Good Looking Records is a jungle and drum and bass record label, founded in 1991 by producer LTJ Bukem. The label specialises in jazz-influenced and atmospheric intelligent drum & bass.

== Overview ==
Following the label's mid-2000s hiatus, all 12" singles issued were housed in a plain grey card sleeve with the label's logo on the front cover.

Some of the label's drum & bass releases went under the banner of "Looking Good Records". These featured nearly identical sleeves, the only difference being the yellow spine of the Good Looking releases and the royal blue design of the Looking Good records.

Artists who have released on this label include LTJ Bukem, Blame, Photek, Blu Mar Ten, Seba, Source Direct, Makoto, Q Project, and Peshay.

== History ==
By 1990, the dance music genres of house and acid house had evolved into hardcore and breakbeat in the UK, with what was later referred to as "drum & bass" and "jungle" developing as offshoots. Initially mixing at raves, LTJ Bukem turned his hand to production, producing his first track "Demons Theme" in 1990. Bukem soon grew frustrated with the lack of control over his own recordings, so in 1991 he formed his own label Good Looking Records. Early Good Looking tracks like "Atlantis" and "Music" provided a soulful, melodic alternative to the prevailing hardcore tracks then in vogue.

By 1994, LTJ Bukem had formed his second label Looking Good Records and begun the formation of an artist collective including Peshay, Aquarius (a.k.a.

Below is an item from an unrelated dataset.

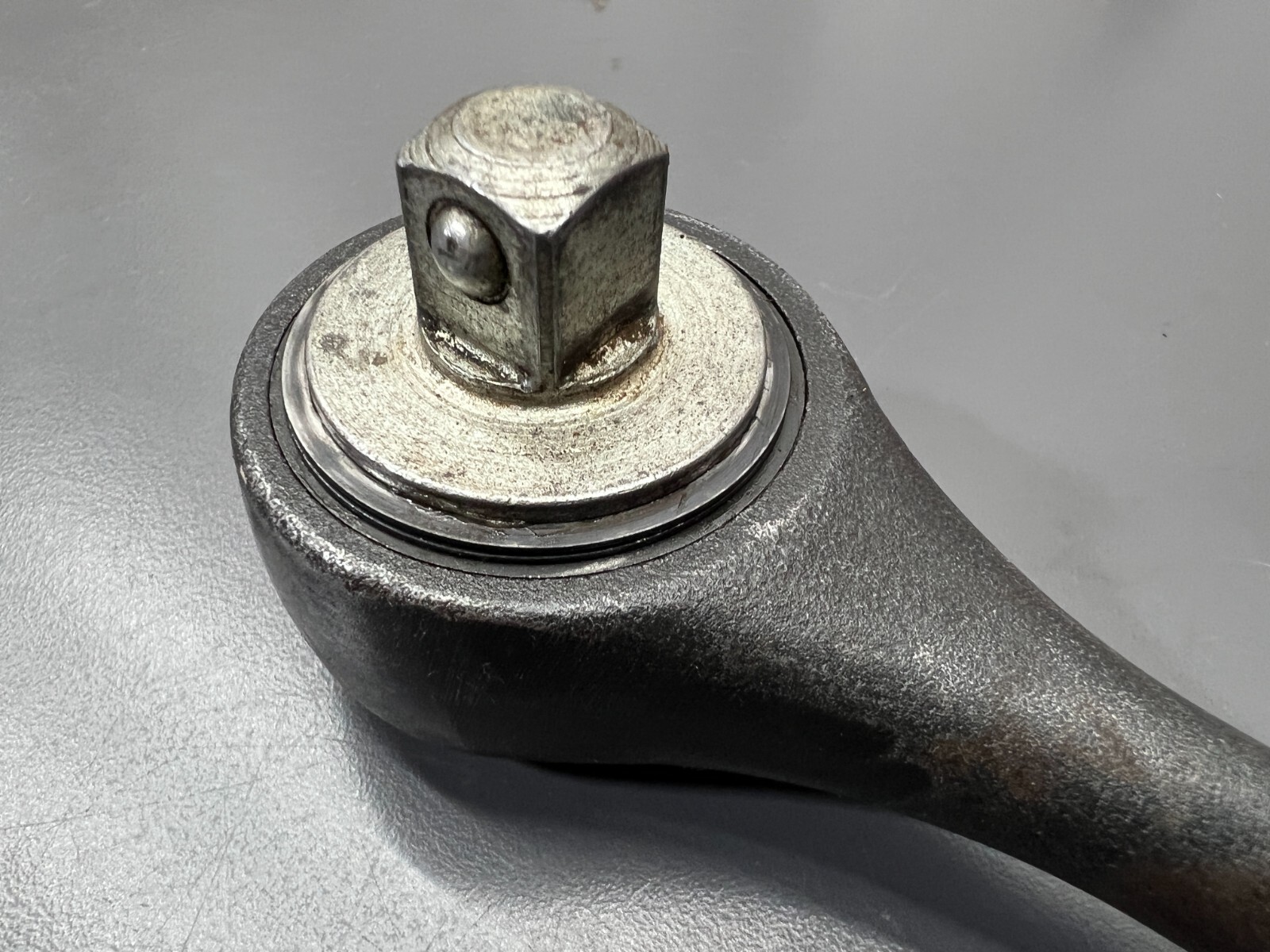 (S) VINTAGE WILLIAMS BS-71 1/2″ DRIVE FINE TOOTH HD RATCHET – JUST SVCD VGC USA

Photek), Blu Mar Ten, Blame, Nookie & Tayla – similarly inclined towards melodicism and epic expanses of sound. Bukem also launched the club night Speed at the Mars Bar in London, in order to promote Good Looking's approach to sound. With Bukem & Fabio playing breakbeat records and MC Conrad providing vocals, it soon became one of the most popular clubs in London.

In 1996, the release of Logical Progression signaled Good Looking's commitment to the drum & bass and jungle community providing shelter for a unique band of producers. The same year, Good Looking introduced the Earth series of compilations. The Earth series showcased a range of mid-tempo musical styles from hip-hop, lounge, cosmic funk, future soul, jazz and house music. The most recent volume, Earth 7 featured a DVD with 5.1 DTS surround sound.

1998 saw the release of the first Progression Sessions mix CD. These live recordings captured the vibe of the Progression Sessions tours and residencies from around the world. The Progression Sessions series has documented the musical direction of Good Looking Records through the years and illustrated the live element brought to each event through the complementary pairing of Bukem's music and the vocals of MC Conrad.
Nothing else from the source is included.